Funding to bring Warwickshire's rarest wildlife back from the brink - The Leamington Observer

Funding to bring Warwickshire's rarest wildlife back from the brink

NEW funding could help bring back rare wildlife from the brink of extinction in Warwickshrie.

Several of the county’s most threatened species will benefit thanks to almost £500,000 from Natural England’s ‘Species Recovery Programme’.

Warwickshire Wildlife Trust has secured £485,869 from the programme to support targeted action for some of the nation’s rarest species, between now and March 2025.

Bittern, water vole, willow tit and white-clawed crayfish will all benefit from projects designed to help their local populations flourish.




The trust will be helping water voles by creating new wetland margin habitat along canals and restoring hedgerows with native plants, white-clawed crayfish by creating two new locations where they can thrive without the impact of non-native signal crayfish, and willow tits by installing numerous dead log nesting sites, and fitting trackers to fledglings to better understand where they go when they leave the nest.

Bittern will be helped by improving 1.5 hectares of reedbed habitat at Brandon Marsh Site of Special Scientific Interest, creating deeper pools where they can hunt and breed.


As part of the project, over 20km of watercourses will be improved for nature, benefiting the four target species and a range of others.

And as well as fitting GPS trackers to a number of willow tits, the trust and Coventry City Council will be working with the University of Warwick, who will lead on using pioneering eDNA techniques to gather data on where white-clawed crayfish and water voles live.

Collected data will help to inform the trust and partners on which habitats are most important for the two species.

This project forms part of Warwickshire Wildlife Trust’s wider 2030 strategy where it is looking to make more space for nature and enable more people to take action for wildlife.
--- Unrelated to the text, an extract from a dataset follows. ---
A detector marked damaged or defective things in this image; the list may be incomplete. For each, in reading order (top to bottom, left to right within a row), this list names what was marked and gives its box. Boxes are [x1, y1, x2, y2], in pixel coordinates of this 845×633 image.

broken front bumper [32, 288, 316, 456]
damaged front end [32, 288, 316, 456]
The trust is looking to support nature’s recovery by ensuring that 30 per cent of land in Warwickshire, Coventry and Solihull supports nature by 2030. The new funding will help ensure that some of Warwickshire’s rarest species will recover from the edge of extinction.
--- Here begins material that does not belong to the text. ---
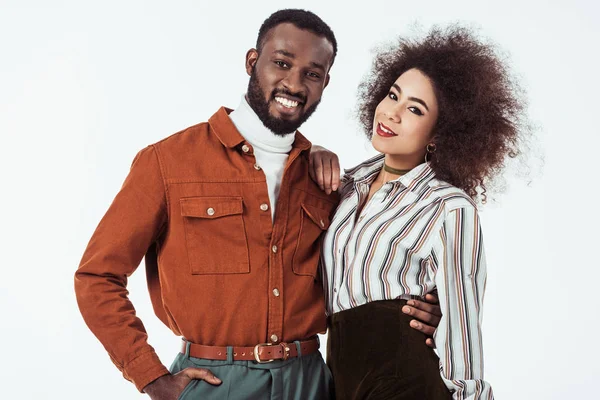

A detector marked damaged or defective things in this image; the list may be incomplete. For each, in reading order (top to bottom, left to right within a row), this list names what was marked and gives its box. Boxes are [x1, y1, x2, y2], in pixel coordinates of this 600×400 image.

rust corduroy shirt [74, 106, 338, 390]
WWT spokesperson Ian Jelley said: “This funding is a huge boost to some of our most threatened species here in Warwickshire. Our native wildlife is facing real challenges and locally water vole, bittern, white-clawed crayfish and willow tits are hanging on by a thread.

“We’ll be working with Natural England, Coventry City Council, Canal & River Trust, the University of Warwick and other partners to take targeted action to give these species a lifeline. New technology like eDNA water sampling and GPS tracking of birds can really help develop our understanding of where these species are and how they move around.

“We’ll use that knowledge to help target the action taken by our dedicated volunteers and experienced staff to make a real difference to these species.”